Here in London we have coffee shops, and we also have little green huts.
The coffee shops are much as you would expect. But I'd like to think the green huts that seem camouflaged are a special "London only" tradition. They're basically an equivalent to what we in Blighty would call "A transport cafe", or "A greasy spoon". As a particular fanatic of such establishments, but also one who is not opposed to watching city professionals behaving bizarrely whilst supping a recently percolated brew, I have been caused to observe certain differences in said establishments.
The typical "greasy spoon" is frequented by the "cockney cabbie", and he's not the sort to muck around. In truth he can be as scary, as he can be humorous. Right now he's off duty, and what he wants is a cup of tea and a plate of bacon, eggs, sausages and a fried tomato. The lady in the ancient green wooden hut has been serving this up for many, many years. She knows what she's doing. I would never dare to enter the small hut because it's the cabbies domain. Being a simple sort, I quite like a plain old coffee, and I'm also partial to a freshly fried bacon sandwich. The latter you just can't get in "Starbucks".
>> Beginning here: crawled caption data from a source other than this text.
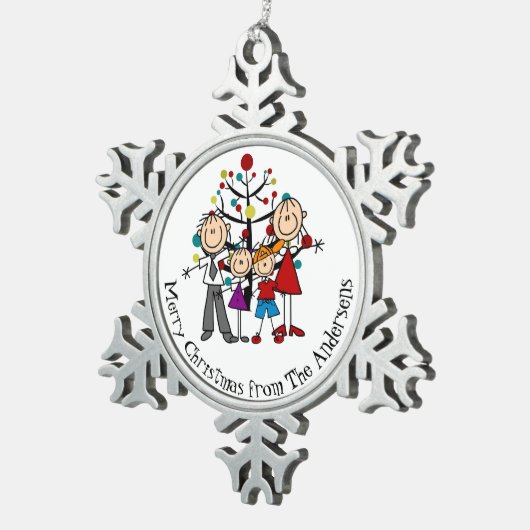 Personalisiertes Paar, Junge, Schneeflocke Schneeflocken Zinn-Ornament (Rechts)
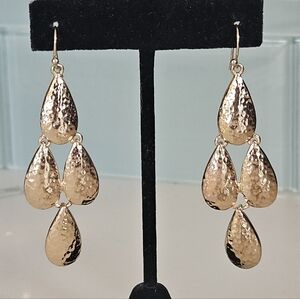 Elegant 14k Yellow Gold Vermeil Teardrop Dangle Earrings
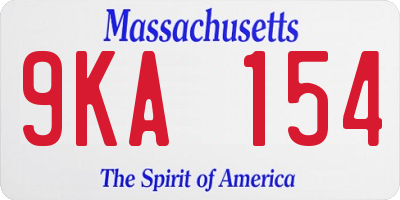MA license plate 9KA154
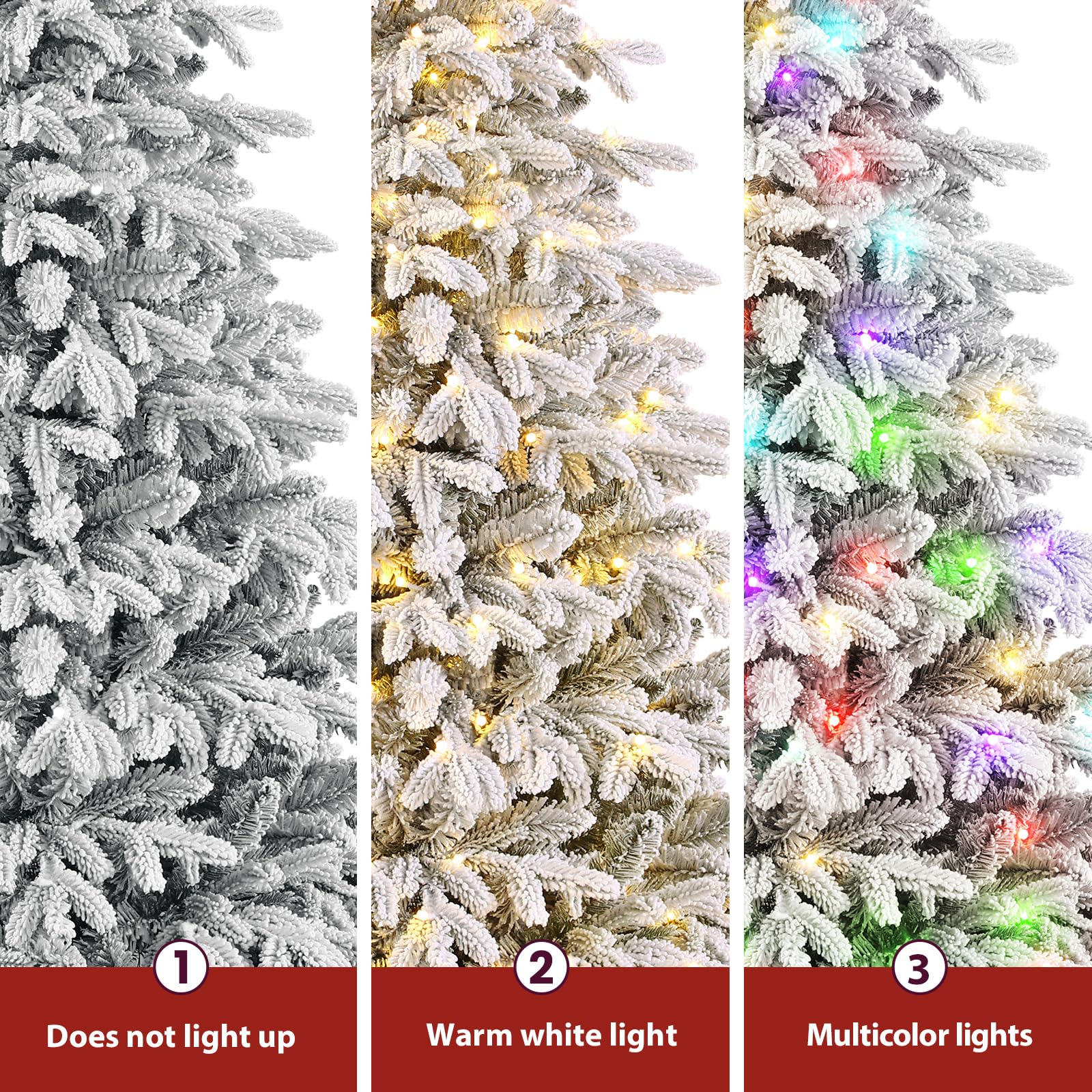 Pre-lit Flocked Cedar Artificial Christmas Trees with RGB Lights - SHareconn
So I approach from outside, and the kind lady looks on me with sorrow when she sees I have no bacon sandwich. I barely have to say, "Cup of Coffee, Black and Two. Bacon Sarnie as well please. Could I have a drop of cold water in the coffee?" The bacon is frying before I've asked.
In Starbucks it's different, but I'm still the same. They don't do bacon sarnies. There's no point in asking. I'm not stupid.
But they do Coffee, and they have seats, so some days it just works.
Now the thing with Starbucks, is that they only do "Kung Foo" Coffee. It's a marketing thing. Designed to make money. They don't like the fact that I'm me. I don't care.
So I say to the Italian chap, who is over on his working student holiday, "Cup of Coffee, Black and Two. Could I have a drop of cold water in the coffee?"
You'll notice that I used almost the same words, but without a reference to the Bacon Sandwich.
This time it's a nightmare. I have to repeat myself three or four times. I get an explanation of how Kung Foo Coffee works - partially in Italian. All the different fizzes and whizzes, cherries and almonds, chocolate chips. Ten different cup sizes. "I just wanted coffee!" I exclaim. "I'm not trying to buy a Bra".
In the end you usually have to explain that you don't want a whole cup of cold water with your coffee. "Just put half a cup from the machine, don't whizz it, and then add cold water to the top." Obviously, you have to put your own sugar in.
So there it is.
Once upon a time, there was a program on the telly in the UK, called "Monty Python". They coined the phrase;
"But I don't like spam" - Well we all know what that became.
The moral of this story, is that it's not you. It's corporate pressure to make money.
Go in. Get a drink that you actually want. It's not a crime.